Add a Doc about guide on nvidia jetson #3182 #3205

lycanlancelot · 2025-01-29T11:49:20Z

Motivation

To add a doc about the step-by-step guide for using sglang on Nvidia Jetson platform #3182

Modifications

Added a file which is the replicate of guide from https://github.com/shahizat/SGLang-Jetson
Changed the index.rst for this file

Checklist

Format your code according to the Code Formatting with Pre-Commit.
Add unit tests as outlined in the Running Unit Tests.
Update documentation / docstrings / example tutorials as needed, according to Writing Documentation.
Provide throughput / latency benchmark results and accuracy evaluation results as needed, according to Benchmark and Profiling.

shuaills

Great work!

shuaills · 2025-01-31T18:11:37Z

docs/references/nvidia_jetson.md

+Step 1: Build FlashInfer from Source
+------------------------------------
+
+1.  Clone the FlashInfer repository:
+```bash
+git clone -b v0.2.0 https://github.com/flashinfer-ai/flashinfer.git --recursive
+cd flashinfer
+```
+
+2.  Build FlashInfer:
+```bash
+python3 setup.py --verbose bdist_wheel --dist-dir ./
+```
+3.  Install FlashInfer:
+```bash
+pip3 install flashinfer-0.2.0-py3-none-any.whl
+```
+Expected Output:
+```
+Successfully installed flashinfer-0.2.0
+```
+
+Step 2: Build SGLang from Source
+--------------------------------
+Clone the SGLang repository:
+```bash
+git clone https://github.com/sgl-project/sglang
+cd sglang
+```
+Build from source:
+```bash
+cd python
+pip install -e .
+```
+Build the SGLang kernel:
+```bash
+cd sgl-kernel
+python3 setup.py --verbose bdist_wheel --dist-dir ./
+pip3 install sgl_kernel-0.0.2.post14-cp310-cp310-linux_aarch64.whl
+```
+* * * * *


Why install FlashInfer separately? Is it a specific version?
If not, this can be referred to the installation link: [Installation Guide]

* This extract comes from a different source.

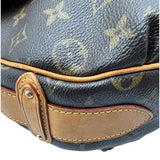 ルイ・ヴィトン LOUIS VUITTON トゥラムGM M40075 ブラウン モノグラム/レザー レディース ショルダーバッグ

shuaills · 2025-01-31T18:17:35Z

docs/references/nvidia_jetson.md

+Launch the server:
+```bash
+python -m sglang.launch_server \
+  --model-path deepseek-ai/DeepSeek-R1-Distill-Llama-8B \
+  --device cuda \
+  --dtype half \
+  --attention-backend flashinfer \
+  --mem-fraction-static 0.8 \
+  --context-length 8192
+```


--device cuda, --attention-backend flashinfer are default settings.
By default context-length would be the value from the model's config.json. is there a special reason for 8192?
--dtype half explain why do we need quantization

shuaills · 2025-01-31T18:21:11Z

docs/references/nvidia_jetson.md

+Running Inference with Torch Native Backend
+-------------------------------------------
+
+Launch the server:
+```bash
+python -m sglang.launch_server \
+      --model-path deepseek-ai/DeepSeek-R1-Distill-Llama-8B \
+      --device cuda \
+      --attention-backend torch_native \
+      --mem-fraction-static 0.8 \
+      --context-length 8192
+```
+Output
+```bash
+[2025-01-26 23:26:39 TP0] Decode batch. #running-req: 1, #token: 221, token usage: 0.00, gen throughput (token/s): 8.04, #queue-req: 0
+```
+
+* * * * *
+
+Running Inference with Triton Backend
+-------------------------------------
+Launch the server:
+```bash
+python -m sglang.launch_server \
+      --model-path deepseek-ai/DeepSeek-R1-Distill-Llama-8B \
+      --device cuda \
+      --attention-backend triton \
+      --mem-fraction-static 0.8 \
+      --context-length 8192
+```
+Output
+```bash
+[2025-01-26 23:31:24 TP0] Decode batch. #running-req: 1, #token: 101, token usage: 0.00, gen throughput (token/s): 11.34, #queue-req:
+```


This part is repeating.
You can switch using --attention-backend and compare the performance.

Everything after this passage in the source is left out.